Haben Sie diese Antwort auf eine andere Frage heute gelesen: "Wenn Sie keinen (von beiden Seiten) unterschriebenen Kontakt für Ihren neuen Job haben, haben Sie diesen Job noch nicht."?Warum haben wir Ihre Position der Nichtübereinstimmung mit dieser Antwort nicht gelesen?das ist noch eine -1 für dich.UOMe 2pts.
Der formelle Beginn einer Stelle vor der eigentlichen Arbeit ist keineswegs vergleichbar mit der Fortsetzung der Stelle nach Arbeitsbeginn.Jemanden die Arbeit machen zu lassen, ist * auf den ersten Blick * ein Beweis für die Zustimmung zum Vertrag, und die Arbeit zu erledigen ist ein Beweis für die Annahme desselben Vertrags.Sie sollten den Kontext besser verstehen, als alberne Scorelines zu erstellen, die nur Ihnen wichtig sind.
Hallo, @iYamGzORM.Ehrlich gesagt, obwohl ein wenig spärlich, denke ich, dass Ihre Antwort in Ordnung ist.Ich denke, dass es wegen Ihres "übrigens" -Kommentars bei jemandem einen schlechten Eindruck hinterlassen hat, aber bitte fühlen Sie sich nicht entmutigt, zukünftige Antworten zu veröffentlichen.Wenn ich persönlich Kommentare habe, entscheide ich mich manchmal, diese als Kommentare zu veröffentlichen, die von meiner Antwort getrennt sind.Dies ist jedoch nur eine persönliche Präferenz.Bitte beachten Sie in der Zwischenzeit, dass mein Kommentar nicht persönlich an Sie gerichtet ist.war einfach als Teil der Community-Überprüfungswarteschlange vorbeigekommen :).Vielen Dank und willkommen bei The Workplace SE!

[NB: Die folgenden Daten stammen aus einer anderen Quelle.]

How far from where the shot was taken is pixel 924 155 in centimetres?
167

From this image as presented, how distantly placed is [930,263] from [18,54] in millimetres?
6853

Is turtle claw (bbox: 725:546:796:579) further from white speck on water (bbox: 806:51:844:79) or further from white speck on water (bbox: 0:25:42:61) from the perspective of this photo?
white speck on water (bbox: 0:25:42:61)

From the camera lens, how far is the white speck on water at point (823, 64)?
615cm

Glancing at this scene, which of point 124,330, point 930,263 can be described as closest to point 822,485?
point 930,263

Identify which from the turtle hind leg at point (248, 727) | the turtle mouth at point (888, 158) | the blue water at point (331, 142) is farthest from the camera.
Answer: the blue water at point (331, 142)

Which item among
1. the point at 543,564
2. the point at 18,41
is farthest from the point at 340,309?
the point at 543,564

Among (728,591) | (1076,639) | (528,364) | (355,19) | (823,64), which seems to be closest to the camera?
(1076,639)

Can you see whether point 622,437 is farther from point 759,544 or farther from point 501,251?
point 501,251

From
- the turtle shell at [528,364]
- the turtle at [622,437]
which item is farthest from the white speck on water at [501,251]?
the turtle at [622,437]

Das ist noch * unethischer *.Urlaub erfordert immer eine Vorankündigung, bevor Ihr Arbeitgeber ihn planen kann.Die zweiwöchige Kündigungsfrist gibt Ihrem derzeitigen Arbeitgeber Zeit, sich auf Ihre Abreise vorzubereiten.In dieser Situation bedeutet dies, dass sie Ihre Schicht nicht kurzfristig füllen müssen.Dies entzieht ihnen die Zeit, sich vorzubereiten * und * fügt hinzu, dass "nach Beendigung ohne Vorankündigung eine Zahlung verlangt wird".-1 Außerdem haben Teilzeitjobs oft nicht einmal * bezahlte * Urlaubszeit.
@jpmc26 Er sagte "unbezahlten" Urlaub.
@Bloc97 Entschuldigung.Ich habe noch nie von "unbezahltem Urlaub" in einem Teilzeitjob gehört.Das ist einfach nicht geplant.Alles andere, was ich gesagt habe, steht noch.
Ich arbeite diesen Job seit weniger als einem Jahr in Teilzeit.Ich glaube nicht, dass ich Anspruch auf einen "jährlichen unbezahlten Urlaub" habe.Ich bin mir nicht sicher, worum es geht?


Diese Fragen und Antworten wurden automatisch aus der englischen Sprache übersetzt.Der ursprüngliche Inhalt ist auf stackexchange verfügbar. Wir danken ihm für die cc by-sa 3.0-Lizenz, unter der er vertrieben wird.